Most electron apps are (mostly but not solely) a bundling of the web-app.
So the cost is less the cost of "switching" and more the cost of initially writing a native app.
In turn the actual question is how to reuse as much code as possible between the web-app and native apps without it introducing a lot of friction.
And one of the few reliable, nicely (developer) usable answers for this is currently electron.
For "business logic" there somewhat are already other answers, some languages run on most targets reliable and there is also wasm which often still needs a bit more tooling but has a lot of potential for such use cases (e.g. see Disney which AFIK does have their core business logic compiled to a wasm blob and then "only" provide UI/system glue to bundle it in on all platforms their streaming app runs on).
The problem is UI, you really don't want to reimplement UI and the mapping of non HTML/CSS producing UI to a mix of HTML/CSS on some platforms and native components on other often doesn't work grate so it's not surprising people decided to "just go with HTML/CSS everywhere". And if you are already there going with electron isn't "that" much more overhead.
This right here. Something monumental would have to happen for senior leadership to green light a rewrite, because that’s a massive project that will bring in no additional revenue.
The massive advantage of Electron is write once -- with some extra overhead, perhaps 40% effort -- and you can ship the same app to web, mac, windows, ios, android, and linux.
MS seems to be using electron in the worst possible way.
I mean it's basically running an outdated version of the web version bundled into a even more absurdly outdated version of electron.
Given how bad the decision is it really looks like it's just for ticking of some checkbox and avoiding claims that MS is intentionally hurting other desktop system... but honestly the way they did it makes it look even more like that.
Through there are technical reasons AFIK:
- it seems to be that they have some custom native "call/video/screen-capture" code, which doesn't seem to provide any sustainable benefits but is less reliable in my experience.
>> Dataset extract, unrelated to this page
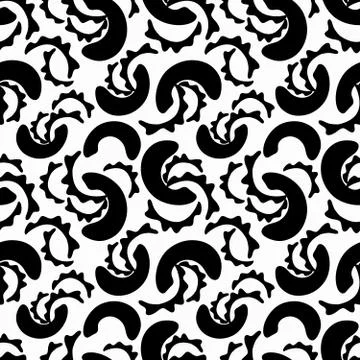 Seamless monochrome abstract pattern on a white background. High-quality vect Illustrazione stock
- (speculative) for some time in the not that distant past (Chrome <v110) on Wayland desktops for screen sharing Chrome did only support an older experimental version of the protocol, locked behind an experimental flag. Through most distros set up pipewire in a way where the old protocol was still supported (on the fly converted) and even through the chrome flag was experimental it did work very reliable. So re-implementing pipewire support by hand would have been quite of an bad decision I hope Teams didn't do.
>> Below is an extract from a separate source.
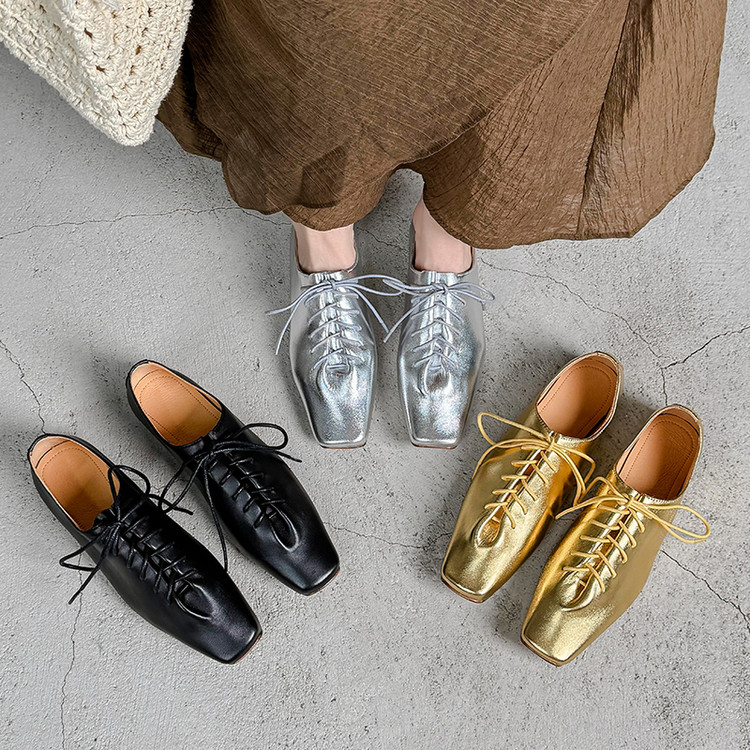 Silver Lace-up Flats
Can't speak about other OSes but that is the case for me on linux.
And I hace seen quite a few people on windows who literally has to reboot because teams app was working erratically or was freezing and no amount of stopping/restarting the app would help.
Webviews are built on weakly, dynamically typed languages, which naturally have development speed advantage over statically typed languages in the happy path. On top of that you have multitude of frameworks even more optimized for the happy path. It is much faster to create an MVP of a GUI with web technologies.
Also the same GUI code translates (kind of) to more platforms easier than writing it all from scratch. Web, desktop, mobile. Almost one codebase can be used for all three.
Could you do the same with say, Java (and maybe soon with .NET)? Maybe. But web has a lower barrier for entry and faster speed of development cycle. Not to mention larger pool of developers available.
All of this translates to two pretty much essential features for any startup: speedy entry to market (MVP) and low cost. And once you get going, it is really hard to pivot your technology stack to something else.
> Also the same GUI code translates (kind of) to more platforms easier than writing it all from scratch.
With an exception of web there are very solid GUI cross-platform (linux, windows, mac) frameworks out there. Qt is even pretty good at targeting native look.
> All of this translates to two pretty much essential features for any startup: speedy entry to market (MVP) and low cost.
Yes, web technologies let you build MVPs faster, that's literally in my original comment. However, in order to provide quick MVPs these technologies inherently sacrifice long term maintainability.
QT is just gonna be untenable for most people. Learning C++ is hard enough, but learning QT is basically a different dialect of C++, and I can't even say it's worth the investment.
Well, s/Electron/WebUI generally, the conclusion that I came to last year was beyond Qt there really isn't a decent cross platform UI toolkit out there that really handles all the nitty gritty details like accessibility, proper GPU acceleration, etc. And Qt comes with its own normative lifestyle assumptions. And there is this huge community of HTML/JS/TypeScript developers and a pile of UI frameworks for them.
So if you're looking to build a cross platform desktop application, you want to also be able to service it on web, and you want to be able to hire beyond the limited Qt/C++ talent pool, it just makes sense.
It's much less acceptable if you are Slack and still ship a slow bloated Electron app 10 years in.